(映画パンフレット)『Here』

  ベルギー映画。バス・ドゥボス脚本、監督作品『Here』(2023)

  原題「Here」

 (出演)シュテファン・ゴタ、リヨ・ゴン、セドリック・ルヴエゾ、

・・静かで緑多き動く絵画を観たような(時々眠気も誘う)思った通りのアート系映画。同時公開の『ゴースト・トロピック』は未観(とりあえず予告編を観るにこちらだけ観ようかと判断)。

・・毎日、数ページづつ嚙みしめるように読んでるソローの「森の生活」とリンクするような心地のいい映画。バックにある移民問題など差し置いても(抜きにしても、もしくはどうでもいいような)、ヒトの出会いのワクワクさ、純粋な交流、営みなどスピリチュアルを感じた。フィクションといえども二人にとっては出会うべきソウルメイトだった?

 冒頭からの、小津映画にみられるような切り取られた風景の並びだけでも満足。ただ、本編中にちょっと長いなぁと感じたとこも確かにあったけどね(そこがやはり眠かった)。

・・まだこの本編(最後にいたるまで)ではけっきょくこの二人にとってプラトニックな性的な疚しさを感じさせなかったが・・車をとりにいった彼にとって下心あったのかどうかが気になったね。

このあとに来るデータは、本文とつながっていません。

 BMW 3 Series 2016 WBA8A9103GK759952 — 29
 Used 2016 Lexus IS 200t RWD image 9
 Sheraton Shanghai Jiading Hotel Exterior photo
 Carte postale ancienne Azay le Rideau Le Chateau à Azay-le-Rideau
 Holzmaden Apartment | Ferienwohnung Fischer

・・パンフの表紙のヒロインの顔を見るなりどうも老けた四十代五十代のようなおばさんに見えてしまう。もっといいスチールなかったんか?どうせなら主人公との2ショットでなにかなかったのかなと。

(映画パンフレット)『不法侵入』

  ジョナサン・カプラン監督作品『不法侵入』(1992)

  原題「Unlawful Entry」

 (出演)カート・ラッセル、マデリーン・ストウ、レイ・リオッタ、

 (音楽)ジェームズ・ホーナー

・・この映画は、『フィールド・オブ・ドリームス』『グッドフェローズ』で既に有名となってたレイ・リオッタ(この後に、なんだか悪役といっていいのか、ひと癖ふた癖あるキャラを演じるようになったね)や主演のカート・ラッセル、監督のネームバリュー、内容以上にまずヒロインのマデリーン・ストゥさん目当てで劇場に行ったと思う。もぅ贔屓な女優さんを観るだけでも価値はある。

今、思う意返しても、この映画、この頃よくあった著名俳優らも出演の(サイコ絡んだりした)サスペンスもののひとつだったかなと。そんなにざっとも挙げられないが、『ルームメイト』やマイケル・キートンの『パシフィック・ハイツ』なんかもふと(似たようなものとして)思い浮かぶけどね。負としてとらえると(これに関しては古今東西映画もドラマもだが)凶悪犯や犯人側も知名度ある人が演じても有名もあるし先入観もあるせいか異常に見えなかったりそれほど凶暴にも見えなかったりなどあるんだよなぁ。だからお笑い芸人やコメディで有名な人がサイコパス演じても(これは作り手にもよるが)そぅいう風に見れなかったりして怖くなかったりなどあるんだよね。だから数観てると損する場合なんかもあるかな。